The strengths of this study are its prospective nature with a relatively long follow-up of up to 6 years and the availability of detailed data regarding baseline characteristics, comorbidities, and laboratory variables. However, there are some limitations to this study. First, given the observational nature of this study design, the results should be interpreted accordingly. Second, we did not examine other atherogenic lipoproteins such as Apo B100, which may be more specific to LDL-P. Third, our study comprised only Korean patients, so the conclusions cannot be generalized to other ethnicities. Fourth, this study lacked several important peritoneal dialysis data values that could affect lipid profiles such as peritoneal solute transfer rates, glucose prescription, use of icodextrin, and glycemic control at baseline. Fifth, the use of statins was not investigated in our baseline data.
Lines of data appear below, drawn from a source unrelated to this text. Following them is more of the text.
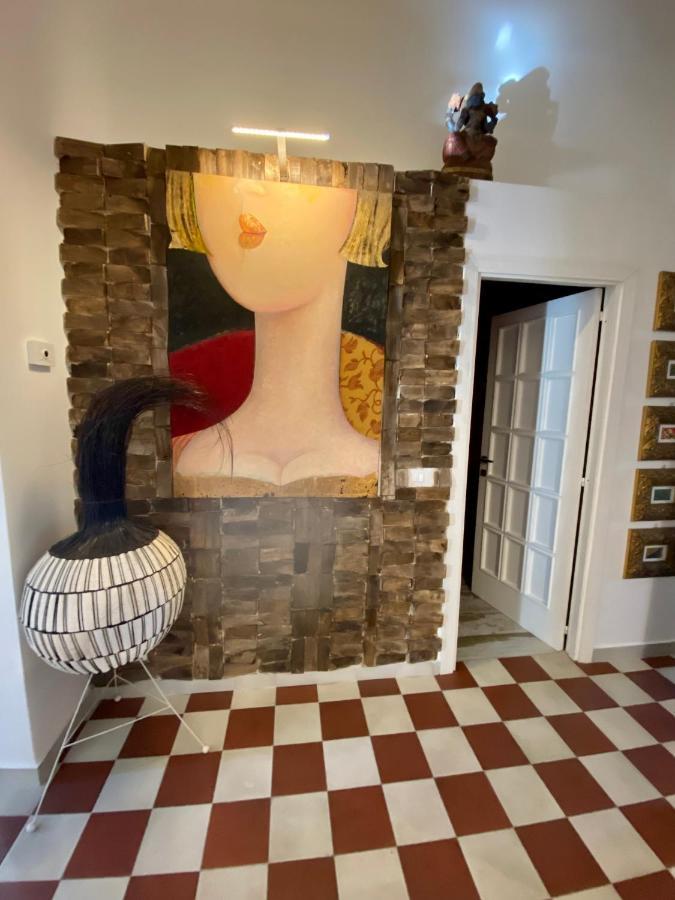 Magic Door Rome Hotel Exterior foto
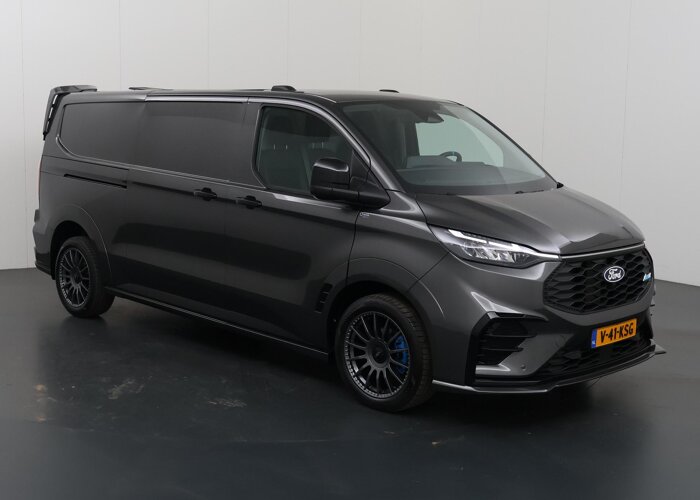 Ford Transit Custom 320 2.0 TDCI | L2 H1 | MS-RT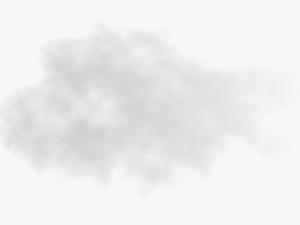 Clip Art Png Image Free Download - Transparent Background Smoke Cloud Png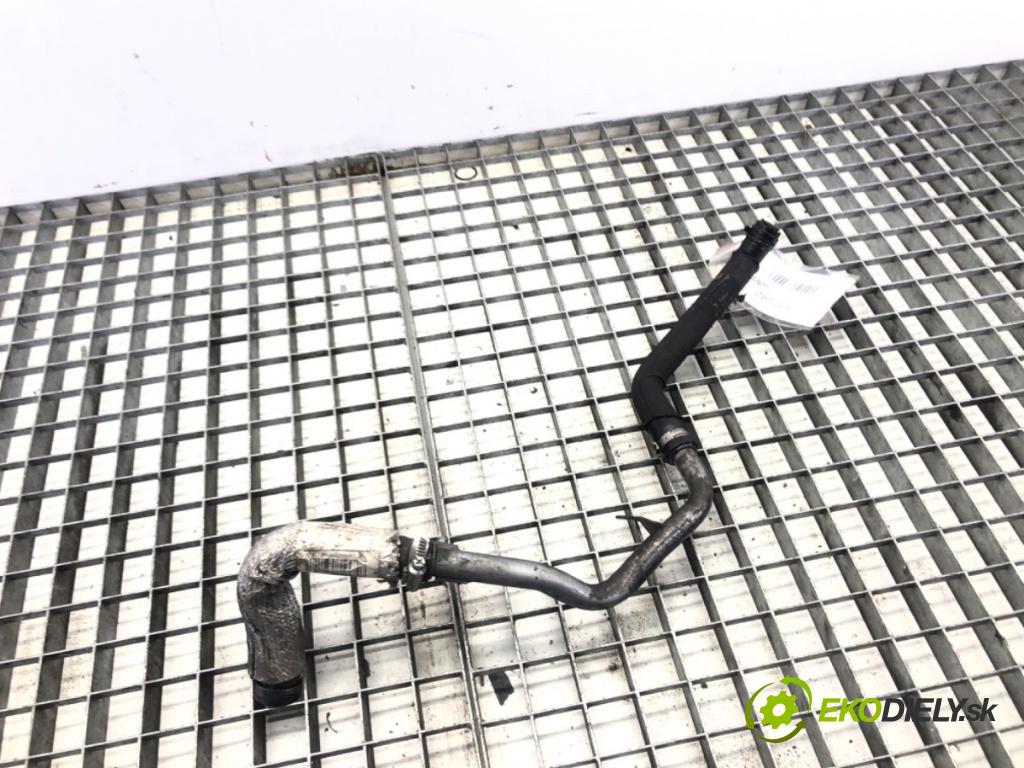 AUDI A8 D4 (4H2, 4H8, 4HC, 4HL) 2009 - 2018    4.2 FSI quattro 273 kW [371 KM] benzyna 2009 - 201  hadica servočerpadlo 4H0422887AK (Rúrky, hadice servočerpadla)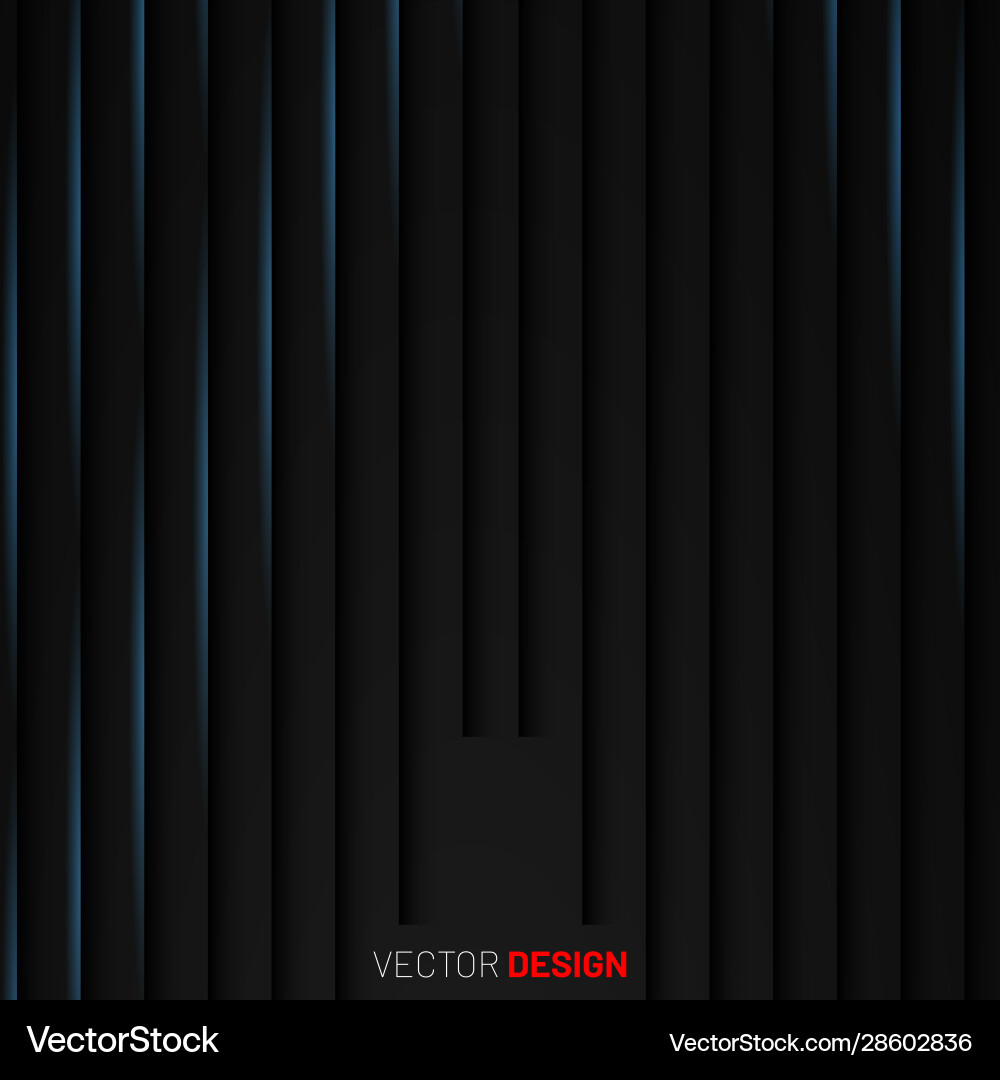 Abstract background overlapping shadow shapes 3d Abstract background overlapping shadow shapes 3d vector image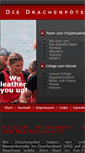 Mobile Screenshot of drachenpoeter.de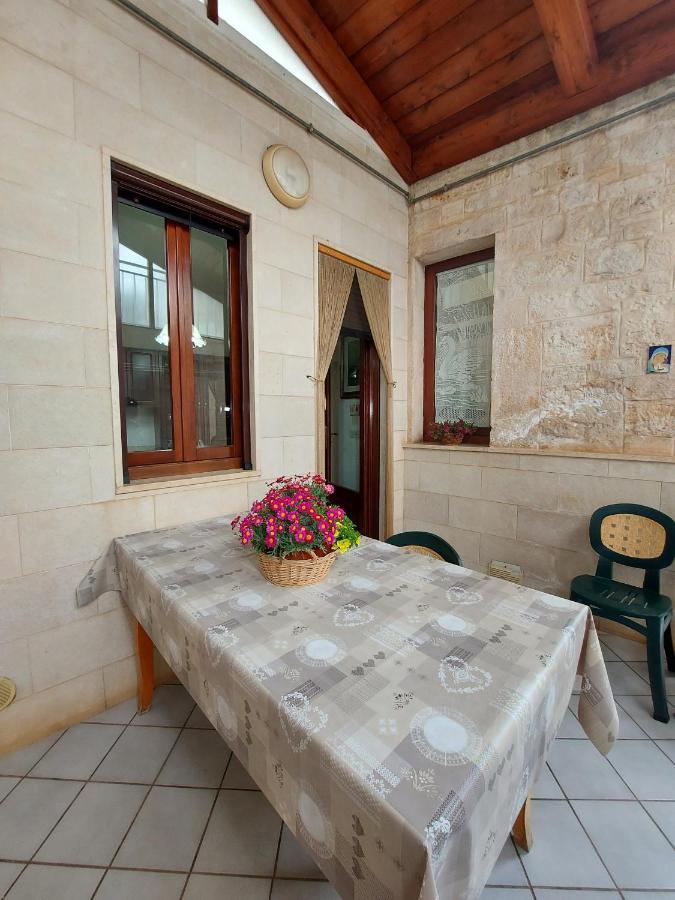 Il Trullo Di Giada E Mattia Villa Alberobello Exterior photo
However, several studies show that statin therapy did not significantly reduce the risk of major atherosclerotic events in dialysis patients [37,45,46]. Thus, the prescription for statins would not have much effect on our study results.

5. Conclusions

Higher TC/HDL-C was significantly associated with an increased risk of all-cause mortality in incident PD patients. Further, single lipid markers alone such as TC or HDL-C were unable to predict mortality in PD patients. Although the underlying mechanisms are unclear, the use of inexpensive and readily available non-traditional lipid profiles such as TC/HDL-C may inform risk of mortality in patients with PD.